Review by Eddie on 19/02/2018
While there’s nothing specifically wrong about The Post, you can’t escape the feeling that this workmanlike Spielberg effort is an oddly forgettable experience that lacks a real beating heart or a truly standout component to make it something worthy of much praise.
Like reporting drama darlings before it such as usual suspect All The Presidents Men and 2014’s big kahuna Spotlight, The Post sees Spielberg follow a very well-worn and inescapable pattern of filmmaking as we begin to follow the true life story of the Washington Post’s dealings with the highly politically and potentially life-changing Vietnam War papers that leaked to the press in the 1970’s.
The pattern that The Post follows makes it familiar from the get-go and while Spielberg as per-usual can be relied upon to tell a story as good, if not better, than anyone else can, the very nature of The Post’s being places it into a corner it can’t get out of as we follow Meryl Streep’s determined paper owner Kay Graham and Tom Hanks committed newspaper boss Ben Bradlee on their journey through a time in which the very nature of free-press was being threatened.
Both performers are fine without standing out, Streep yet again sneaking into an Oscar race that she arguably shouldn’t of been contending and in doing so both A-listers contribute to the fact that The Post feels perfectly adequate without ever threatening to be anything more, there are no surprises here, no real standout pieces of Spielberg magic, even long time musical collaborator John Williams score fails to illicit much in the way of advanced emotional engagement.
What The Post does have in its favour however, and a likely reason as to why it has found itself competing in this year’s field of Best Picture nominees at the Oscars, is a timely expose of freedom of speech and in particular news outlets reporting the truth for the people and by the people.

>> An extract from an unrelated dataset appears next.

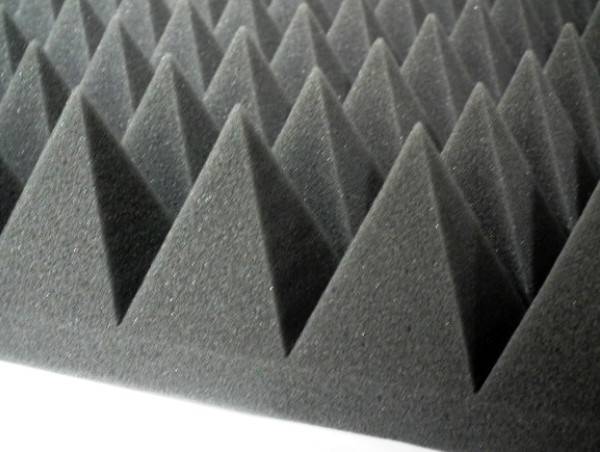 Что собой представляет акустический подвесной потолок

In an age where it appears as though “fake news” has all of a sudden become a very real and dangerous thing, The Post is a not to subtle dig at our current state of reporting affairs and Presidential meddling and in reminding us all of the importance the papers, TV and general reporting play in our lives, Spielberg has done us all a favour.
Final Say –
As polished as you’d expect from a Spielberg movie that stars icons like Streep and Hanks, The Post is an easy watch and one that tells a relevant story but there’s also something overly workmanlike about this particular awards baiter and a sense that we’ve seen this type of thing before and seen it done better.